## Directions for this task
What is needed is an exact copy of the records below, with the pictures left out.

(Material for this exercise begins)

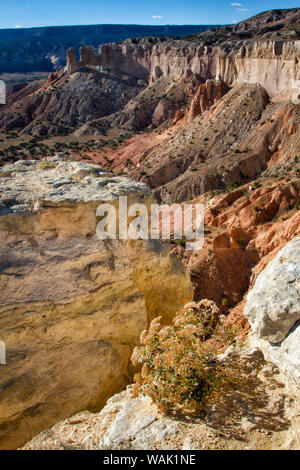 Stati Uniti d'America, camino Rock, Ghost Ranch. Colori grazia la scogliera di pietra vicino Abiquiu, Nuovo Messico. Foto Stock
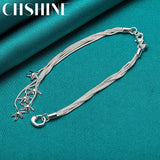 925 Silver Starfish Snake Chain Bracelet for Women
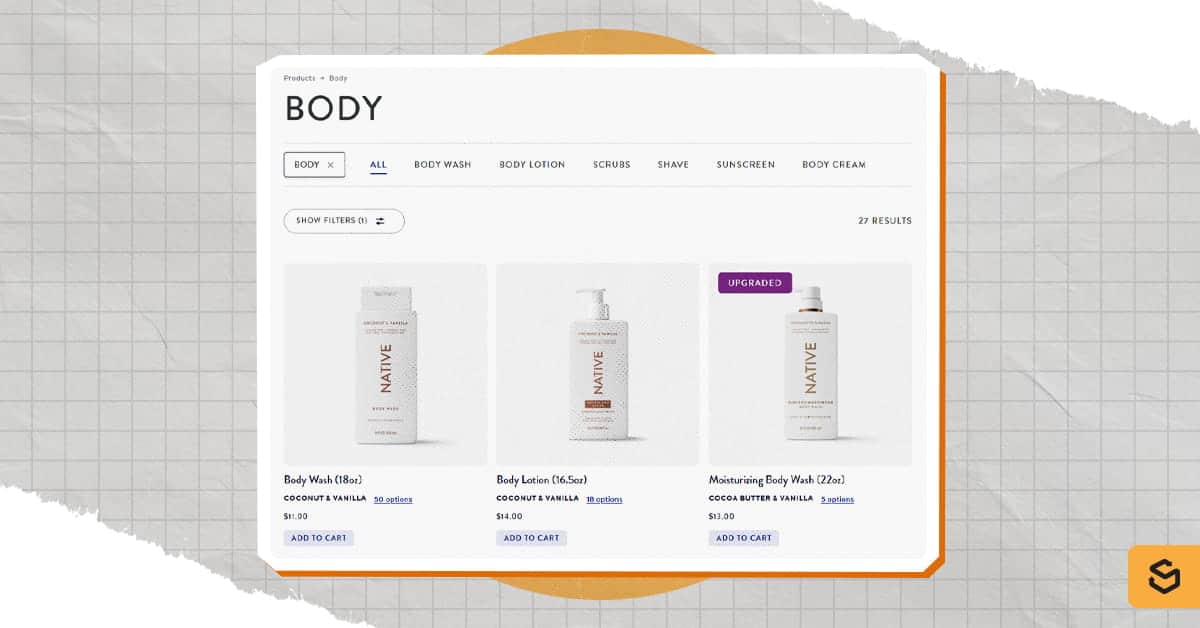 Native's Body care product page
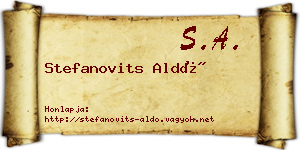 Stefanovits Aldó névjegykártya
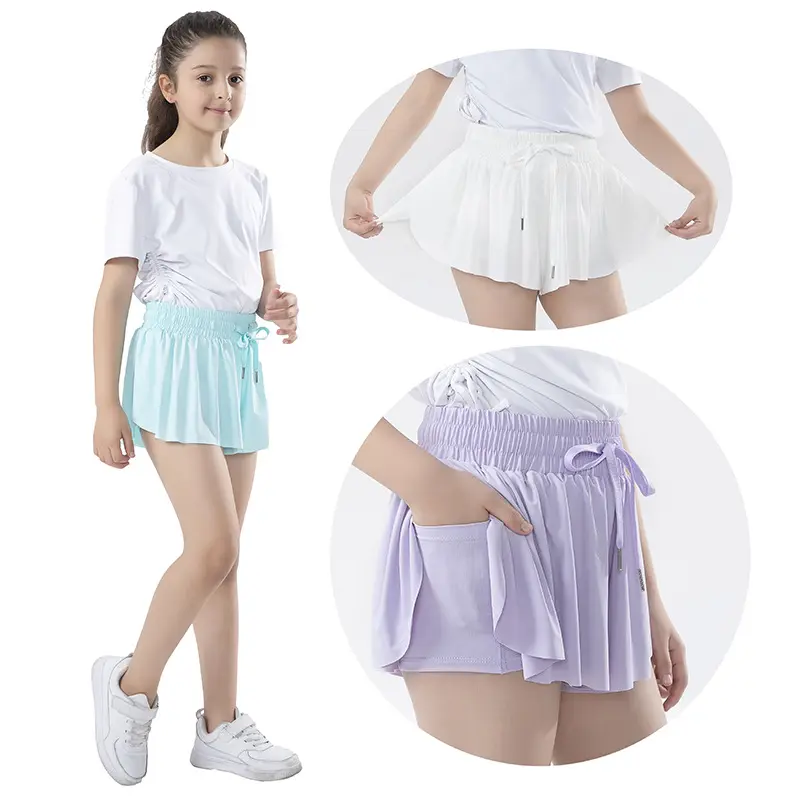 New Children Tennis Skirt Girls Solid Sports Shorts With Pockets Customized 2 In 1 Kids Yoga Skirt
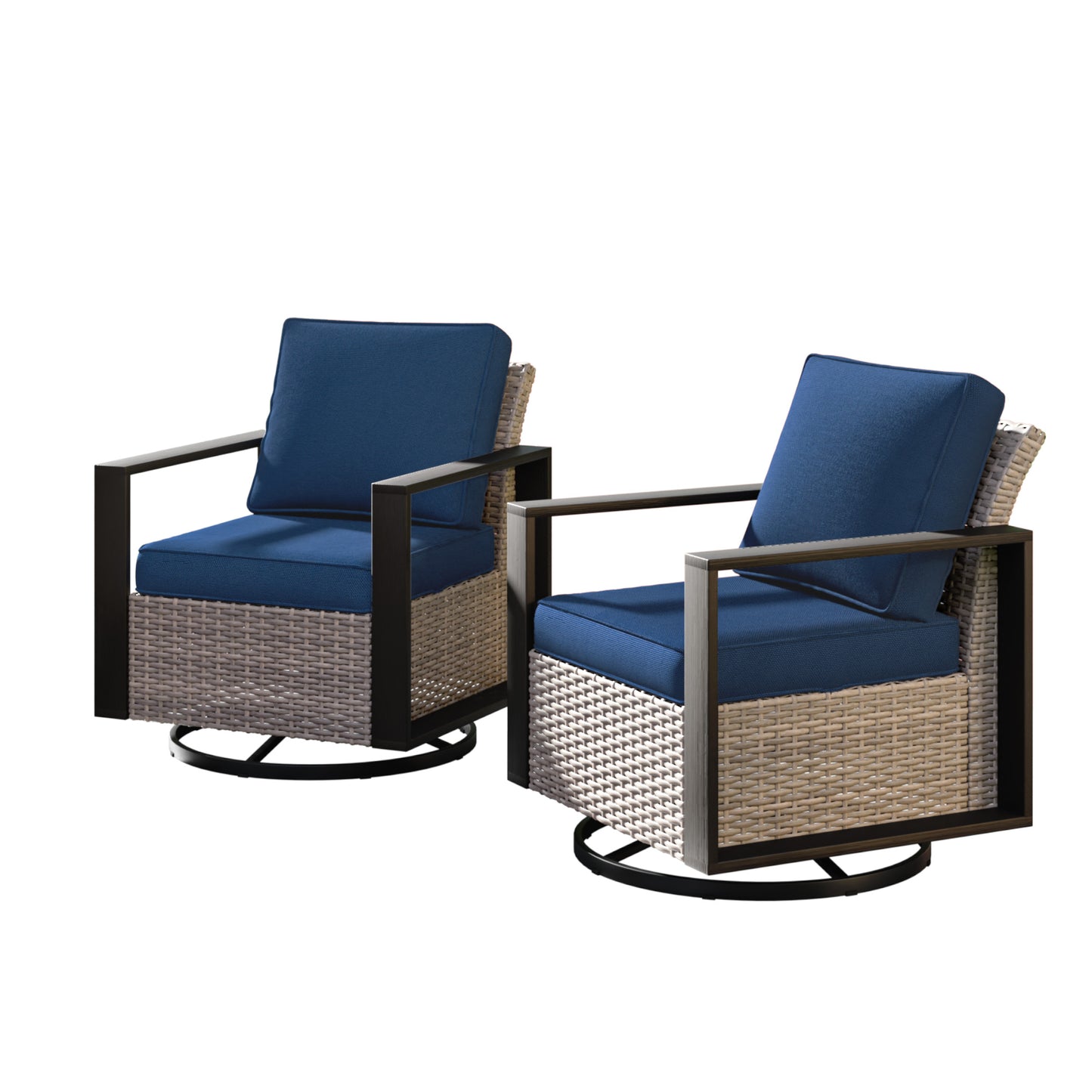 MeetLeisure M28 Patio Wicker Swivel Rocking Chair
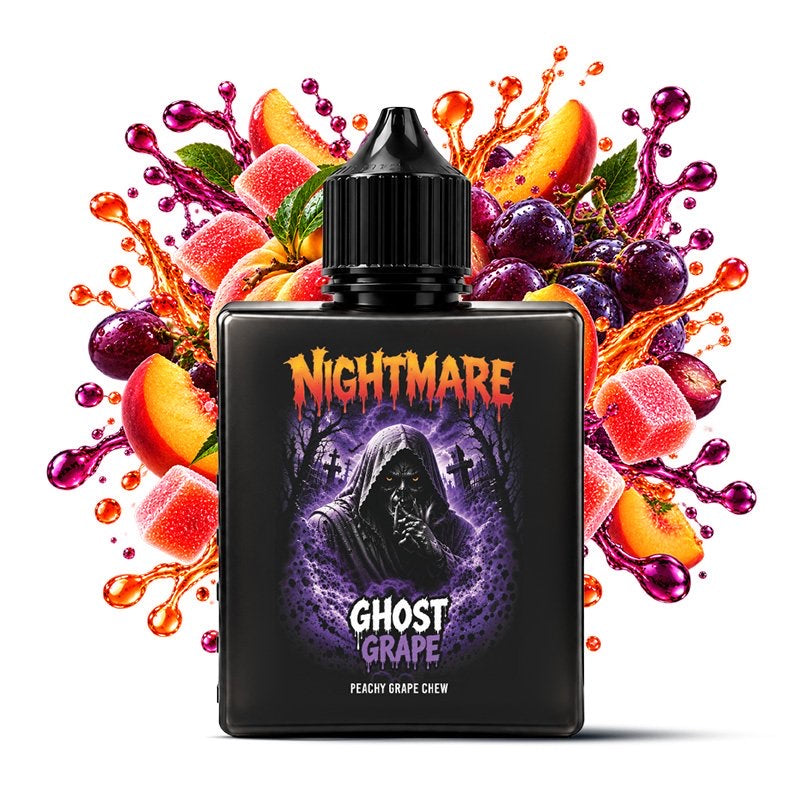 E-liquide Ghost Grape 100ml Nightmare - saveurs raisin, pêche, chewing-gum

(Material for this exercise ends)

## Response
 Stati Uniti d'America, camino Rock, Ghost Ranch. Colori grazia la scogliera di pietra vicino Abiquiu, Nuovo Messico. Foto Stock
 925 Silver Starfish Snake Chain Bracelet for Women
 Native's Body care product page
 Stefanovits Aldó névjegykártya
 New Children Tennis Skirt Girls Solid Sports Shorts With Pockets Customized 2 In 1 Kids Yoga Skirt
 MeetLeisure M28 Patio Wicker Swivel Rocking Chair
 E-liquide Ghost Grape 100ml Nightmare - saveurs raisin, pêche, chewing-gum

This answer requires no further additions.